Branch 2 (_mm_cmple_epu8 with exact clamp): baseline commit, patch.

  • micro_benchmark_n4 --benchmark_filter=insert.*unodb::db: 1% to 5% speedup
  • micro_benchmark_n16 --benchmark_filter=grow.*unodb::db: 2% slowdown to 16% speedup

Branch 3: (@justinasvd version with __builtin_ctzl): baseline commit, patch.

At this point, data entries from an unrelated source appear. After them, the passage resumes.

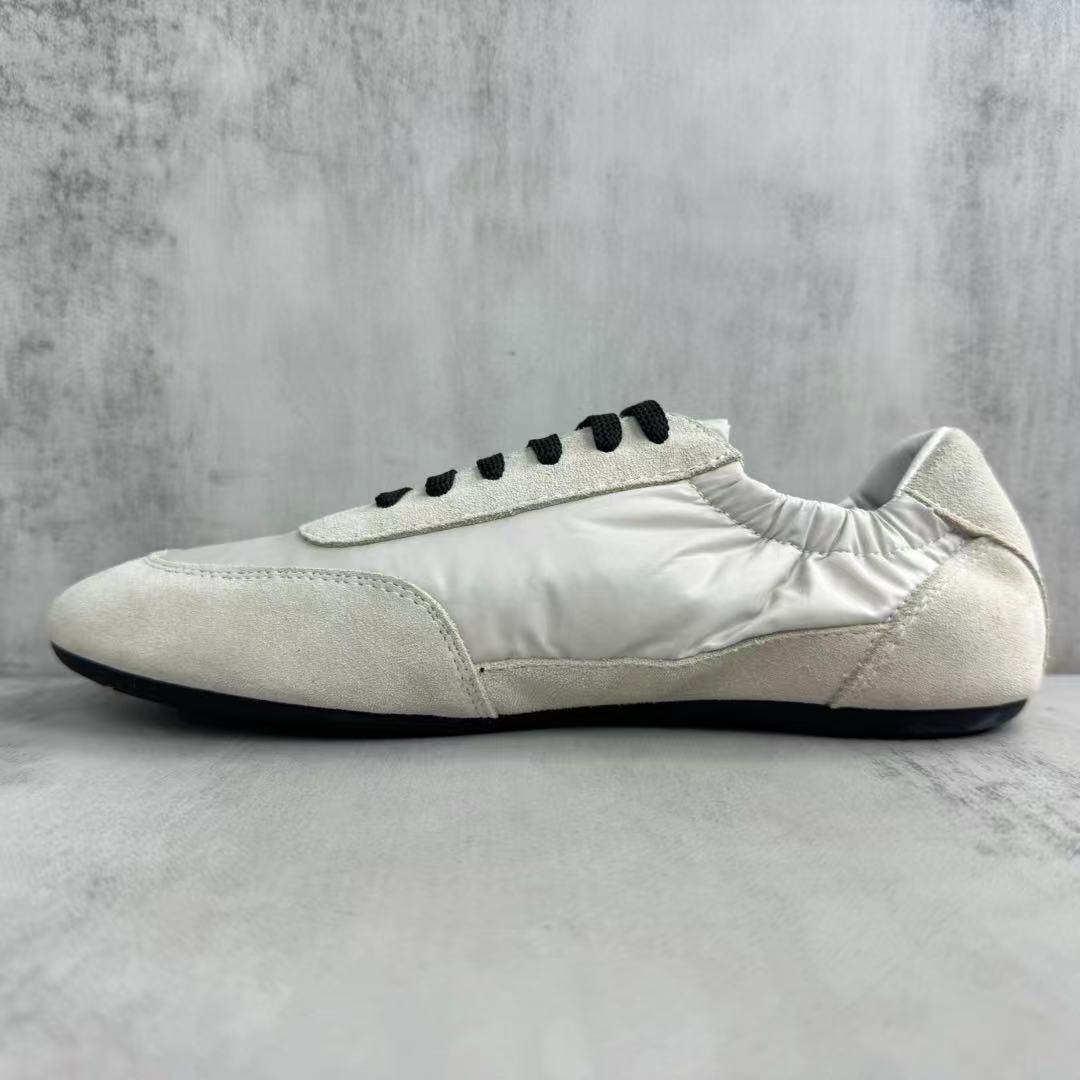 Prada プラダ コラプス Re-Nylon xスエード スニーカー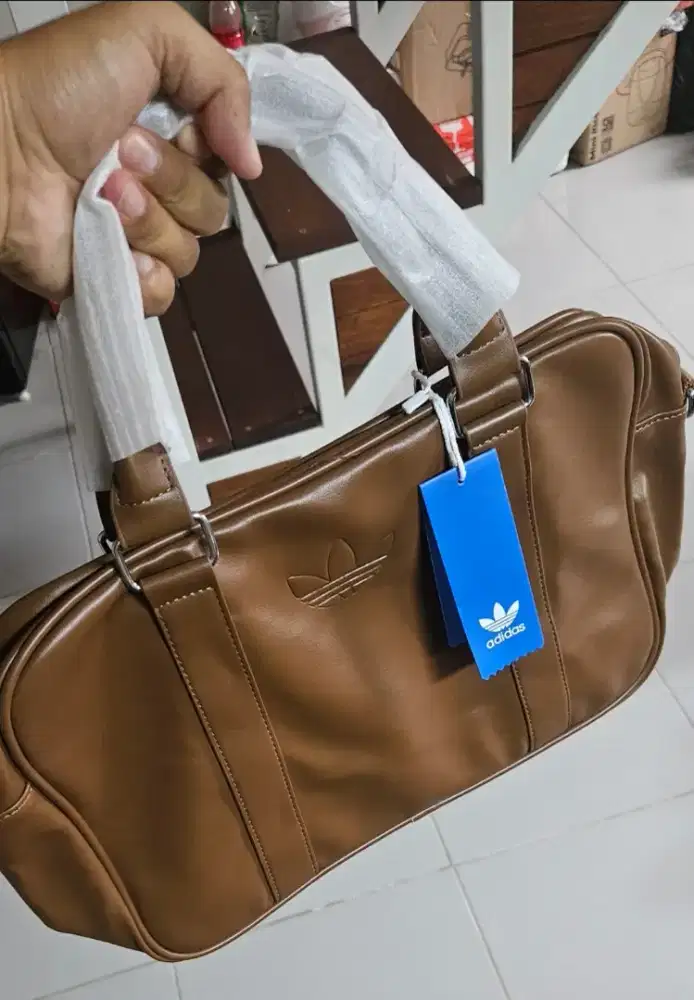 Tas kerja / laptop Adidas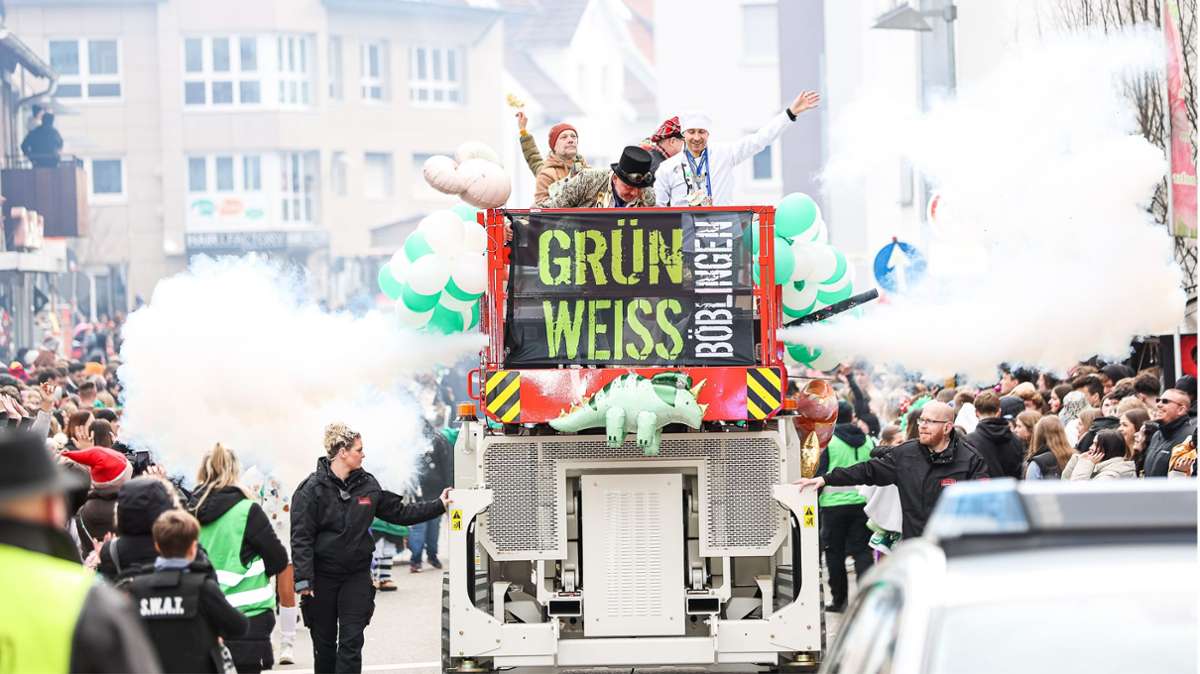Ganz vorne: der Wagen mit Hebebühne von Grün-Weiß Böblingen, inklusive Chefkoch Stefan Belz. An anderen Tagen ist er Oberbürgermeister.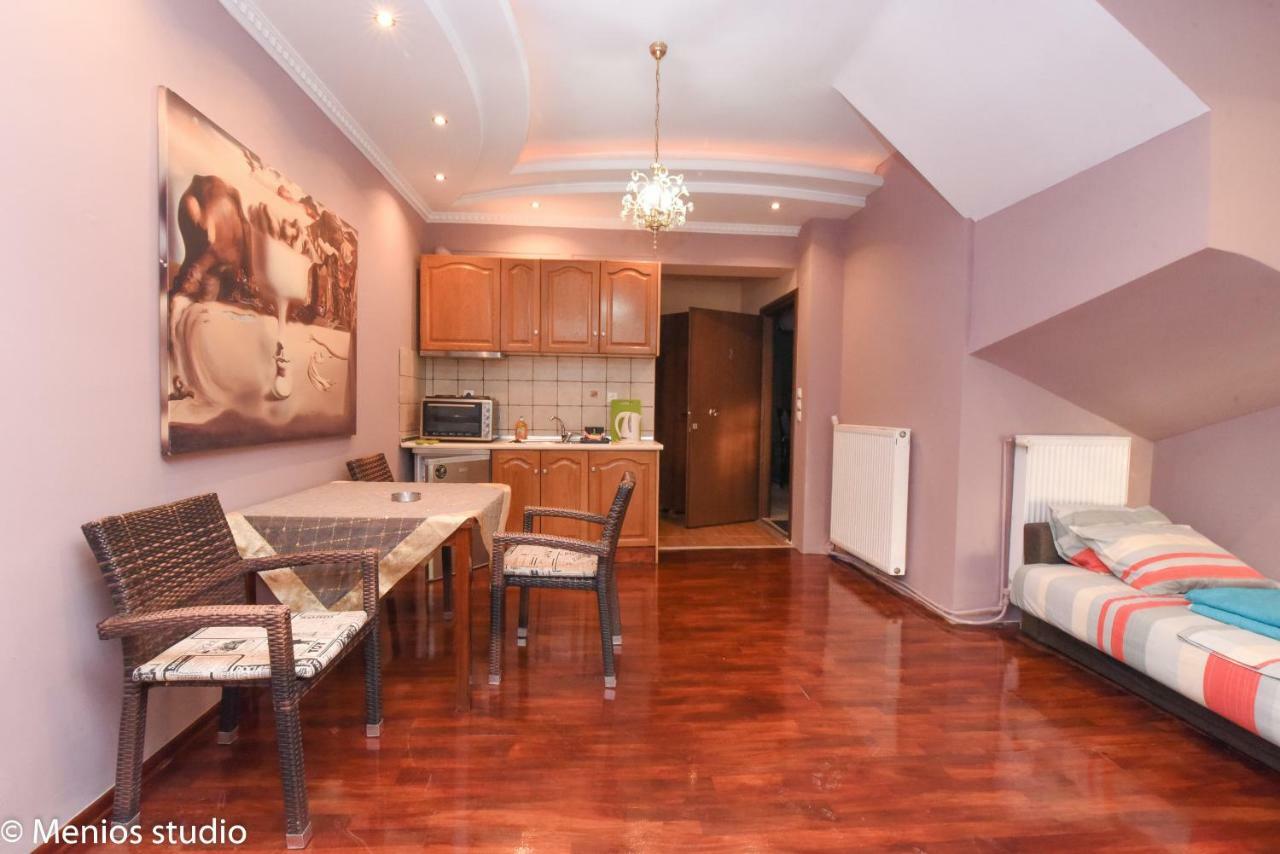 Menios Apartments And Studios Nea Kallikrateia Bagian luar foto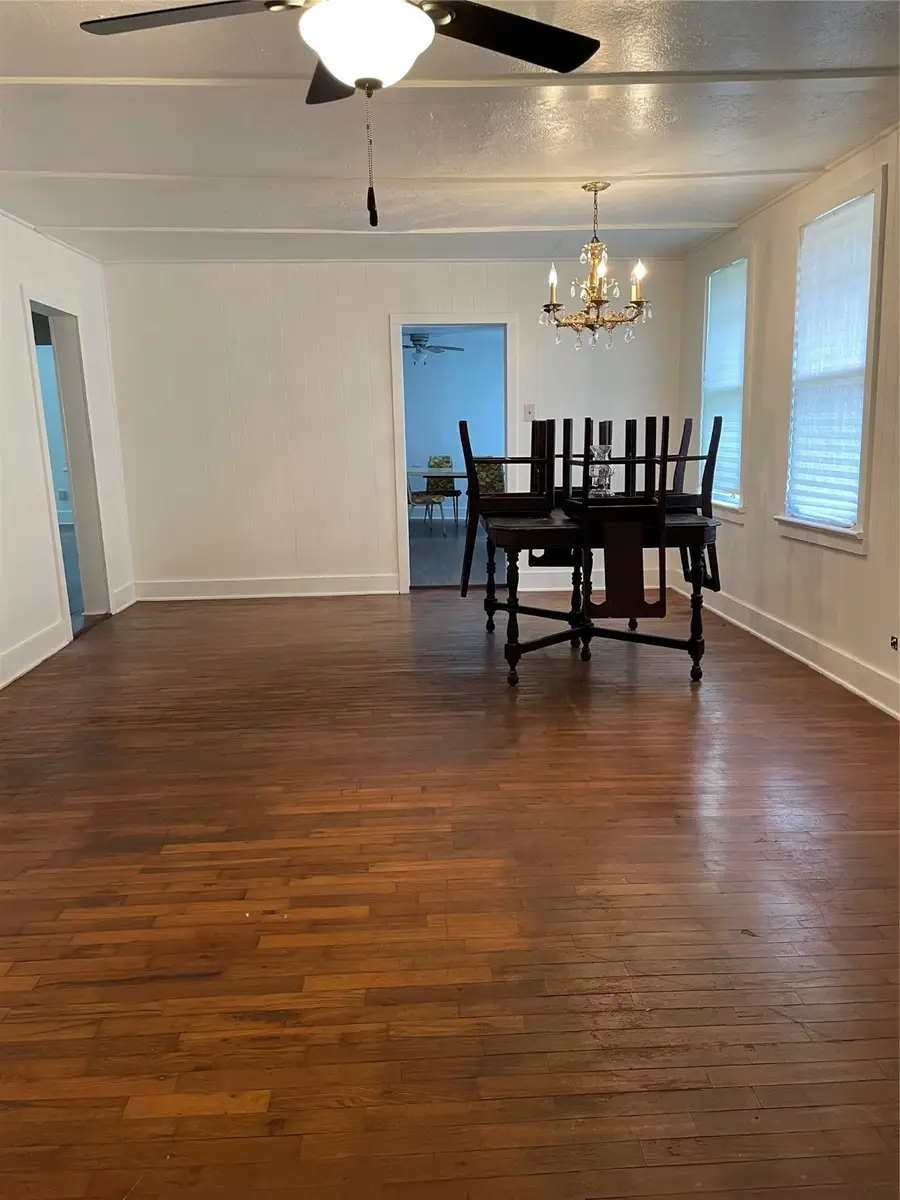 405 Woodrow Jackson Drive, Navasota, TX 77868 - Image #3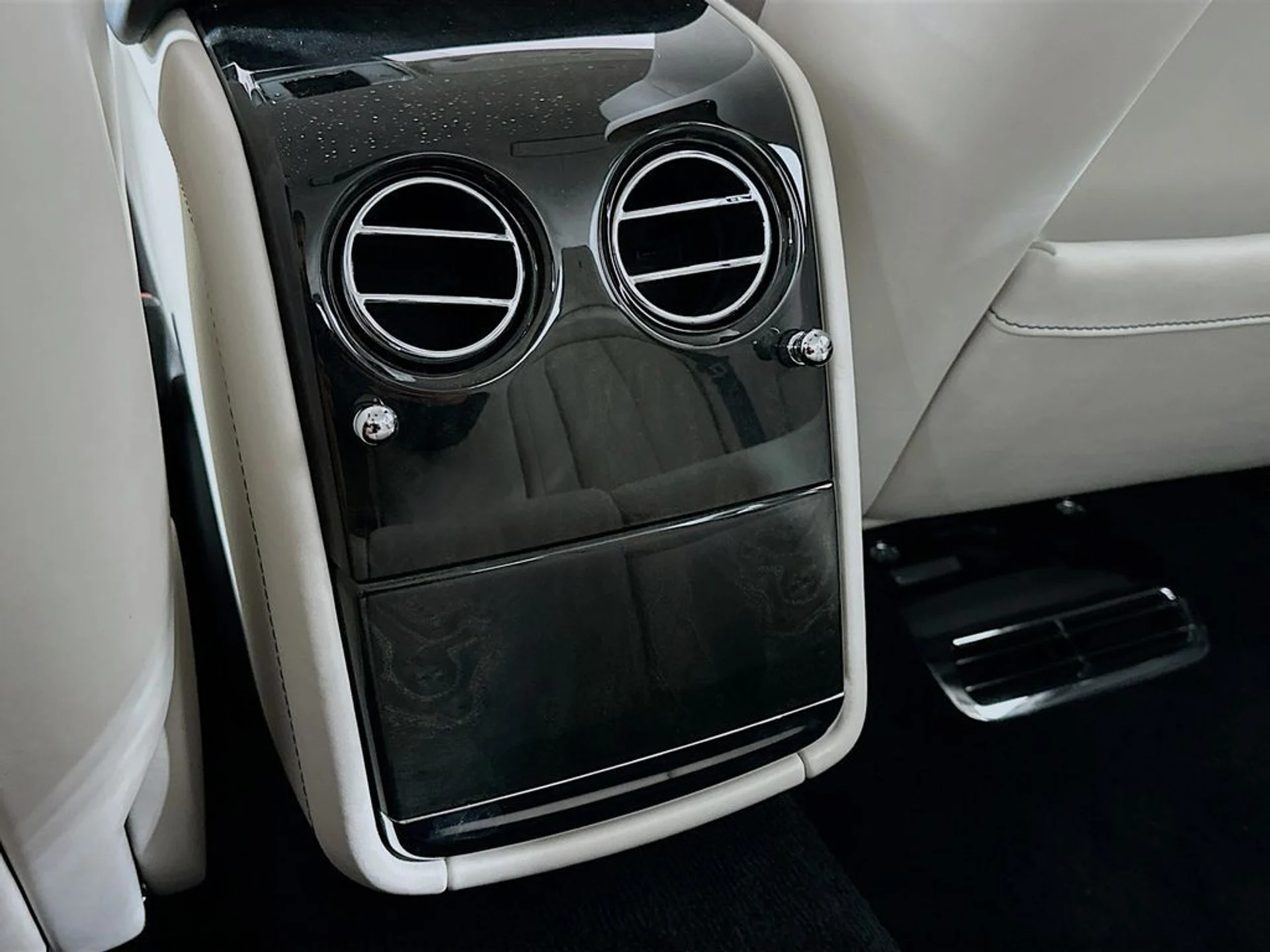 mph025_2629680941_8b81a809a5c3dff9b8057deb696036b7x_f52586bdf2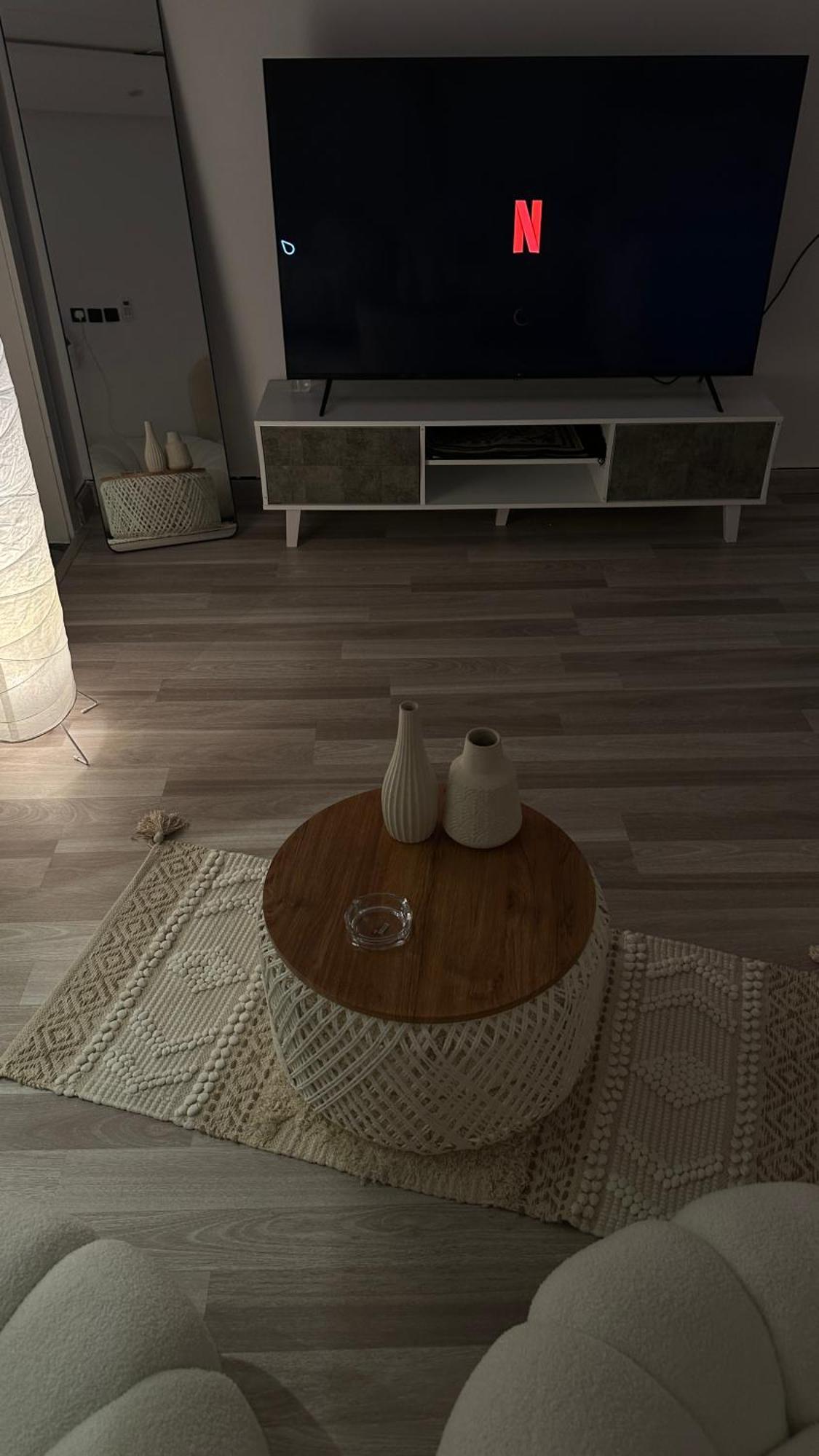 استديو في الياسمين بدخول ذاتي Apartment *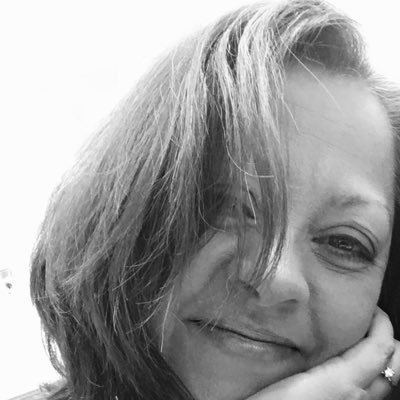 Profile Picture of Pam's Page (@PamelaLongGreen) on Twitter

  • micro_benchmark_n4 --benchmark_filter=insert.*unodb::db: 2% slowdown to 4% speedup
  • micro_benchmark_n16 --benchmark_filter=grow.*unodb::db: 4% to 0% slowdown

Branch 4 (jvd horizontal sum): baseline commit, patch

  • micro_benchmark_n4 --benchmark_filter=insert.*unodb::db: 1% slowdown to 3% speedup
  • micro_benchmark_n16 --benchmark_filter=grow.*unodb::db: 4% slowdown to 16% speedup

Branch 4 vs Branch 2:

  • micro_benchmark_n4 --benchmark_filter=insert.*unodb::db: 2% slowdown to 7% speedup
  • micro_benchmark_n16 --benchmark_filter=grow.*unodb::db: 1% slowdown to 1% speedup

All above branches are at Sandy Bridge level. Once support for later CPUs is added, check jvd bextr code.